___ Provided material
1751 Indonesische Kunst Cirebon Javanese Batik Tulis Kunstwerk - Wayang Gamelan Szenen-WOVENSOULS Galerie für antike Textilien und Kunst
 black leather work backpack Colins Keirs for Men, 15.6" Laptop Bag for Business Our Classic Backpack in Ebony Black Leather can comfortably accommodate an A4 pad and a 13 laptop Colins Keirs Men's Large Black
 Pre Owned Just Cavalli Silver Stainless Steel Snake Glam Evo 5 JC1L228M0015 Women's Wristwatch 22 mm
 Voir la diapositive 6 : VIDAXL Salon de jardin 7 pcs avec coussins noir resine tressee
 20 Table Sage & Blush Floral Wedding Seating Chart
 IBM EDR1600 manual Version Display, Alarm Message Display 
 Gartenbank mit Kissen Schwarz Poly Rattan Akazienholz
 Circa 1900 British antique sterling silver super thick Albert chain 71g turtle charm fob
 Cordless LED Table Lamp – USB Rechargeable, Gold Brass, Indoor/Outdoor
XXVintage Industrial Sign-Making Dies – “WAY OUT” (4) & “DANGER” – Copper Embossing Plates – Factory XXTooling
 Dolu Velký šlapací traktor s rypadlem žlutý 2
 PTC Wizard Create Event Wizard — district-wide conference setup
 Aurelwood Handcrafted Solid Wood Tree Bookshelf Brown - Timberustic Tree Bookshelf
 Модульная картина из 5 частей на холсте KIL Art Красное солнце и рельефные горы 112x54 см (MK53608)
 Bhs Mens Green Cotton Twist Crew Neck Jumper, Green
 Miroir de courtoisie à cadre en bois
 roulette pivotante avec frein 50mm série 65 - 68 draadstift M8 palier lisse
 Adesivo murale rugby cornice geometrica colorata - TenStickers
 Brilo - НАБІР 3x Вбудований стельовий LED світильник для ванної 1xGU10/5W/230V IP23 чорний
______
§ **What is needed**
Please output the lines of the listing above that fall in the stretch from the one with "Cordless LED Table" through the one with "Dolu Velký šlapací", exactly and only those.

§ **Your response**
 Cordless LED Table Lamp – USB Rechargeable, Gold Brass, Indoor/Outdoor
XXVintage Industrial Sign-Making Dies – “WAY OUT” (4) & “DANGER” – Copper Embossing Plates – Factory XXTooling
 Dolu Velký šlapací traktor s rypadlem žlutý 2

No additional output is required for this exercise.